Boehm, Hans hans_boehm@hp.com
Mon, 26 Aug 2002 18:15:28 -0700

On the architectures I've tried recently, atomic instructions (which hit the cache) seem to take on the order of 20 cycles, which I wouldn't call cheap.  On a Pentium 4, unlike a Pentium II/III, the number seems to be on the order of 100.  It may be slightly less for other architectures, but I don't think it's ever negligible.  For a pointer assignment that used to be a register move, you're talking a slowdown of something like a factor of 50 or more for the reference-counted version.


> -----Original Message-----
> From: David Chase [mailto:chase@world.std.com]
> Sent: Wednesday, August 21, 2002 4:06 PM
> To: gclist@iecc.com
> Subject: Re: [gclist] Finalizers & Reference counting.

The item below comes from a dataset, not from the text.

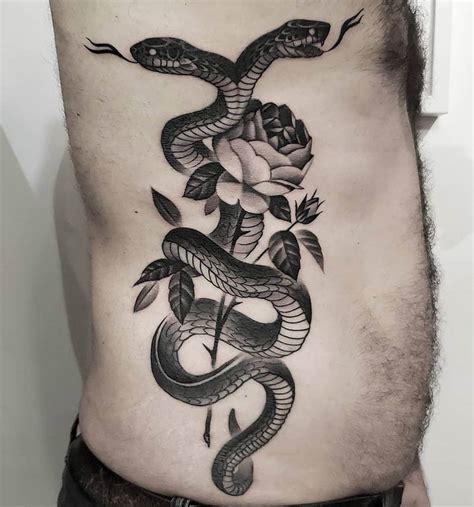 Want a minimalist tattoo to share with the love of your life? Two-headed Snake & Rose | Odd Stuff Magazine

> At 01:26 PM 8/21/2002 -0400, Jerrold Leichter wrote:
> >(Almost) all modern architectures provide cheap ways to increment or
> >decrement and count atomically, and for the decrement case 
> determine whether
> >the result was 0.  The methods vary form interlocked 
> increment/decrement
> >operations that set condition codes based on the result to 
> combining fetch-
> >and-add operations to general load linked/store conditionals.
> Is "modern architectures" code language for "not x86"?
> LOCK-prefixed instructions there are not "cheap" in the
> usual sense of the word, at least according to my understanding
> and measurements (I generally care about locked CMPXCHG).
> On a uniprocessor it is atomic if unlocked, but not on a
> multiprocessor.
> David Chase